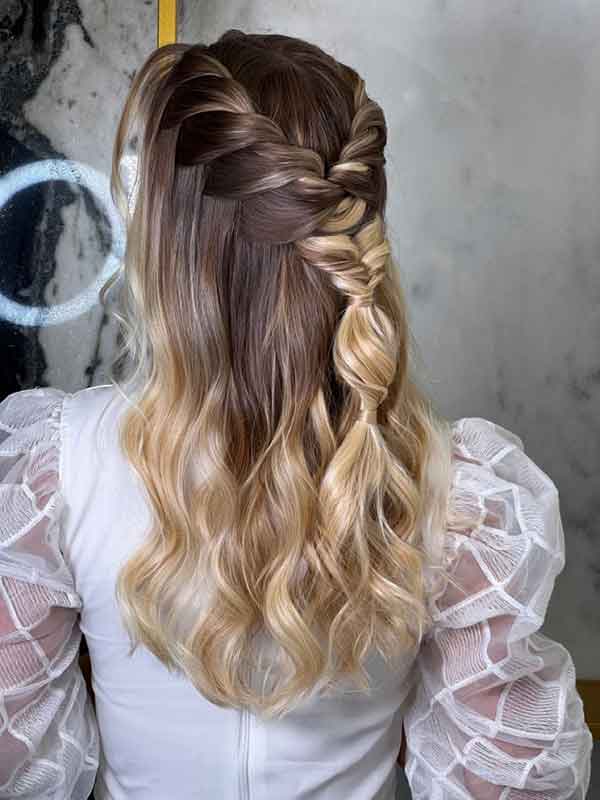 مدل مو باز ساده اتو شده و فر برای مهمانی و عروسی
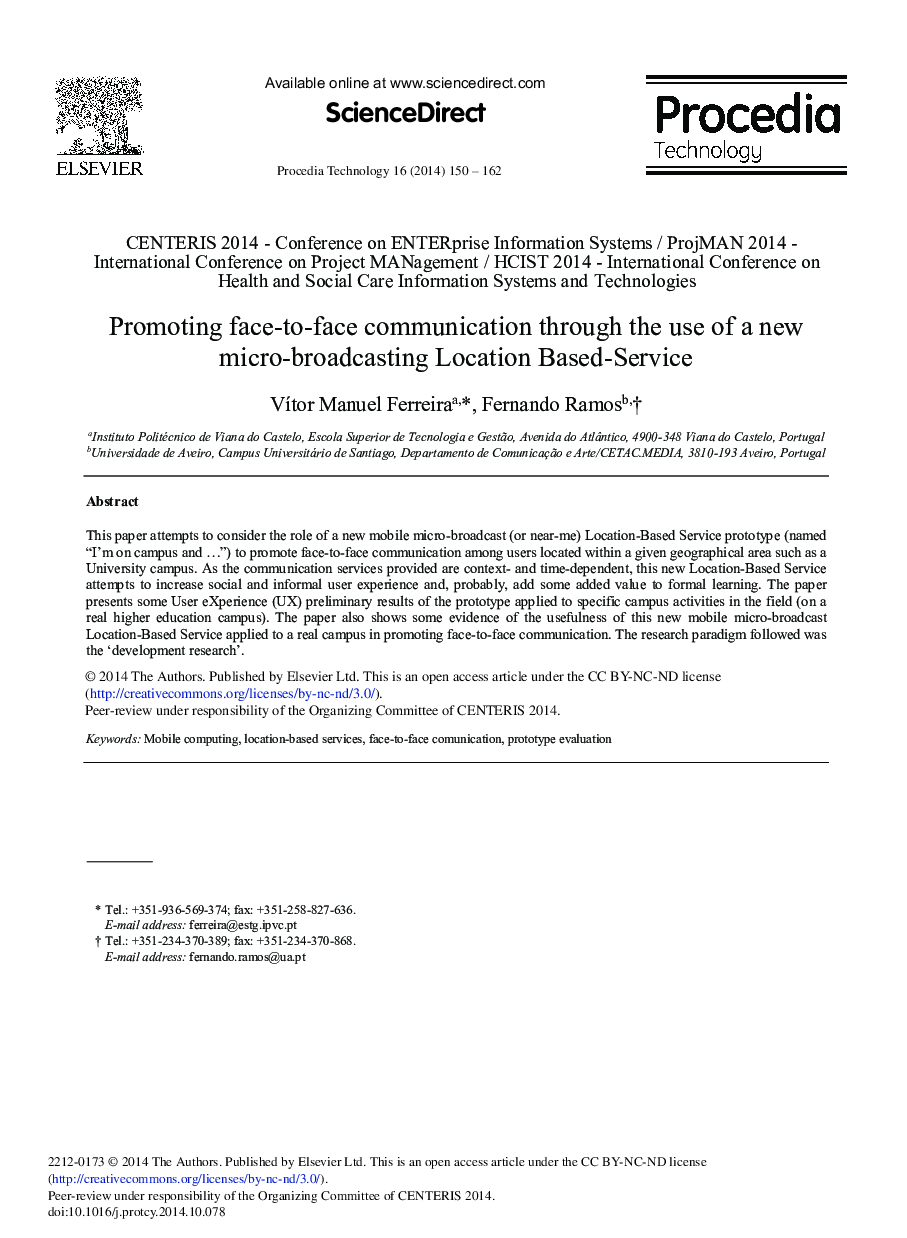 Promoting Face-to-Face Communication through the Use of a New Micro-broadcasting Location Based-service 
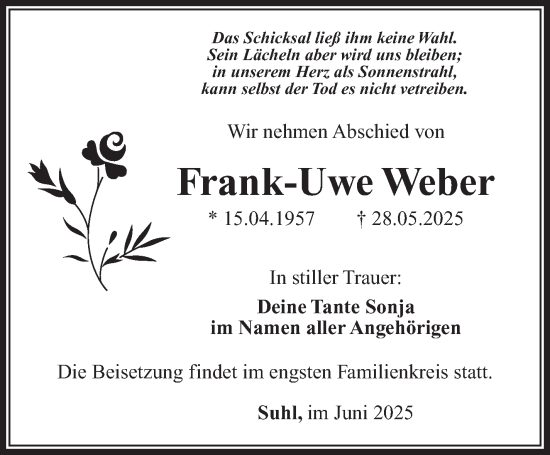 Traueranzeige von Frank-Uwe Weber von Südthüringer Presse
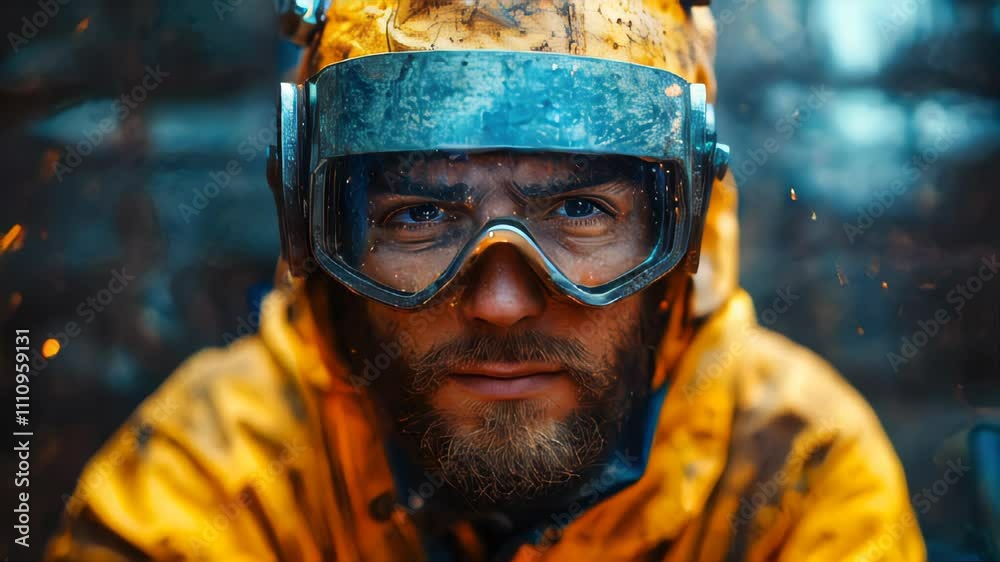 a serious man is engaged in welding equipment. welder in a protective suit at work a serious man is engaged in welding equipment. welder in a protective suit at work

·····

» What to work on
Where the line containing "Traueranzeige von Frank-Uwe" appears in the data above, begin there and output every line through the last, exactly and without pictures.

» Result of the exercise
 Traueranzeige von Frank-Uwe Weber von Südthüringer Presse
 a serious man is engaged in welding equipment. welder in a protective suit at work a serious man is engaged in welding equipment. welder in a protective suit at work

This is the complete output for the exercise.